▶ [Assignment]: Give again, exactly as written, the lines of the records below from the line with "Tractor truck DAF XF 460" to the line with "2019 CHEVROLET TRAX LS photo 7". Both end lines count; pictures do not.

▶ [Supplied information]:
────────

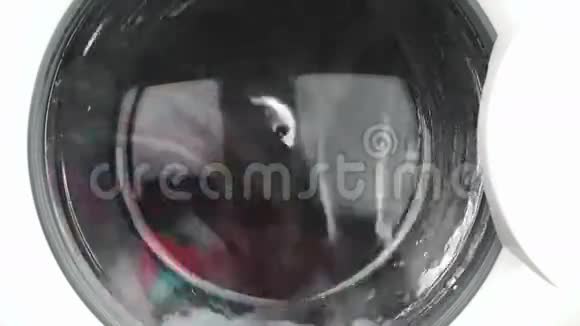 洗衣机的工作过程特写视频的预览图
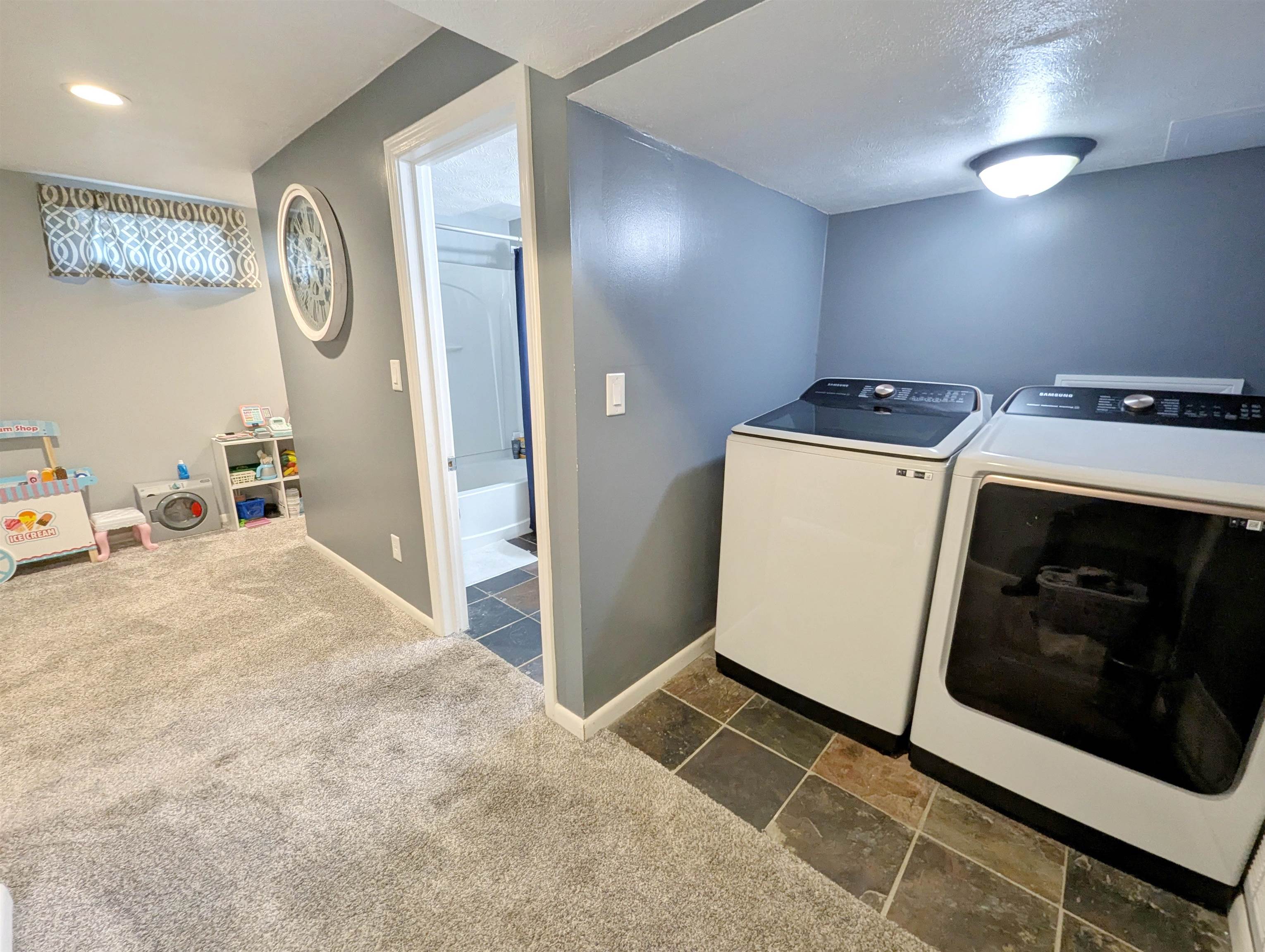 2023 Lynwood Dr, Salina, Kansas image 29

────────

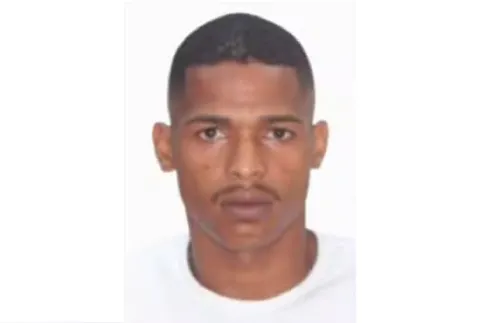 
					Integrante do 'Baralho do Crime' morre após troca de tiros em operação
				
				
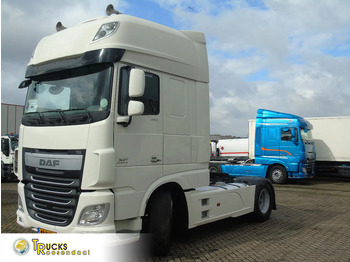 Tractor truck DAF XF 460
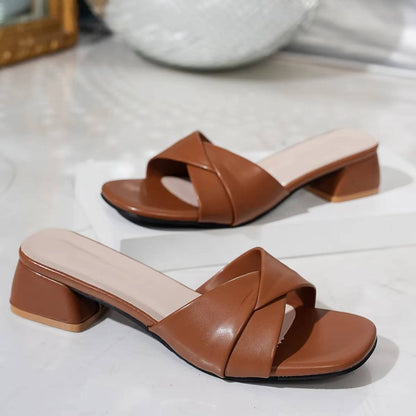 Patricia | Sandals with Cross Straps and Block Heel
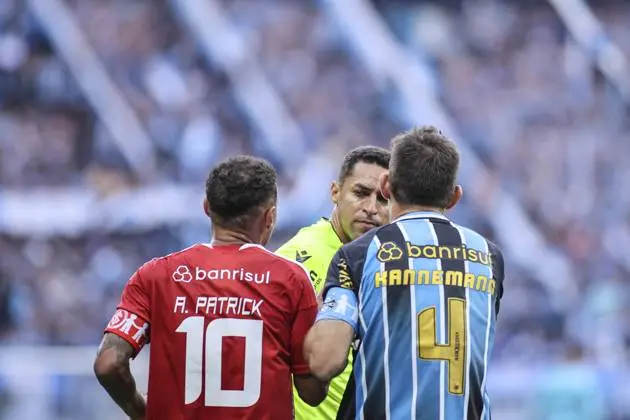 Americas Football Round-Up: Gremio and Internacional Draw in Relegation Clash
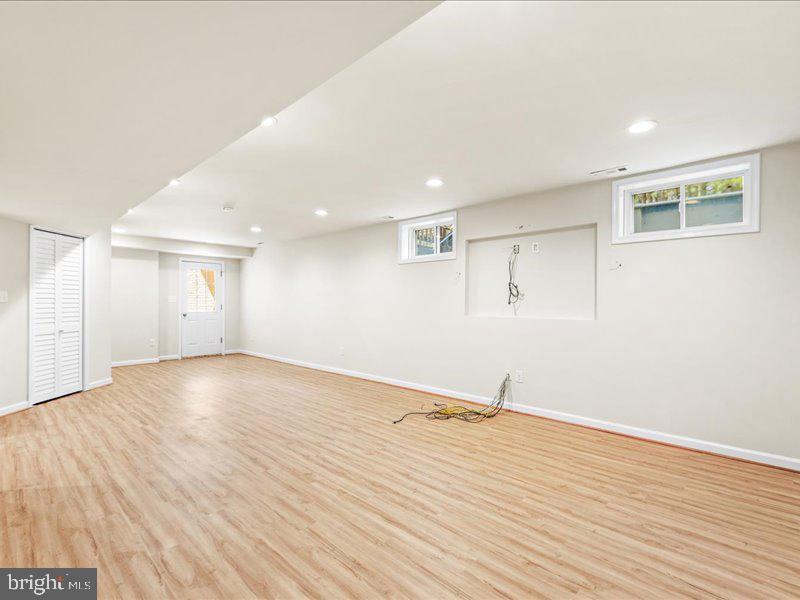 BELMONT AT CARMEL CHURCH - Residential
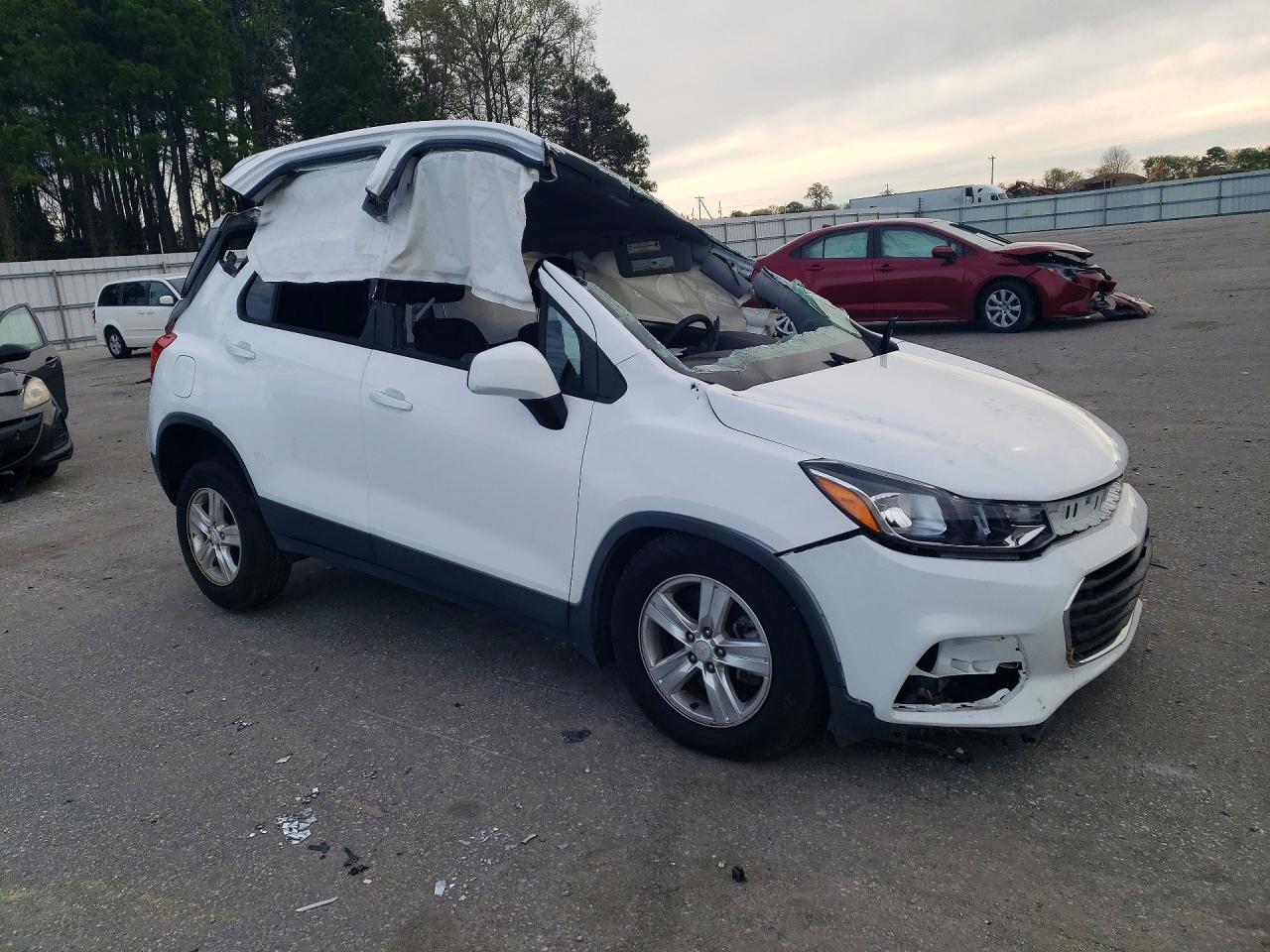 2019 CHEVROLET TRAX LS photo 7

────────

▶ [Answer area]:
 Tractor truck DAF XF 460
 Patricia | Sandals with Cross Straps and Block Heel
 Americas Football Round-Up: Gremio and Internacional Draw in Relegation Clash
 BELMONT AT CARMEL CHURCH - Residential
 2019 CHEVROLET TRAX LS photo 7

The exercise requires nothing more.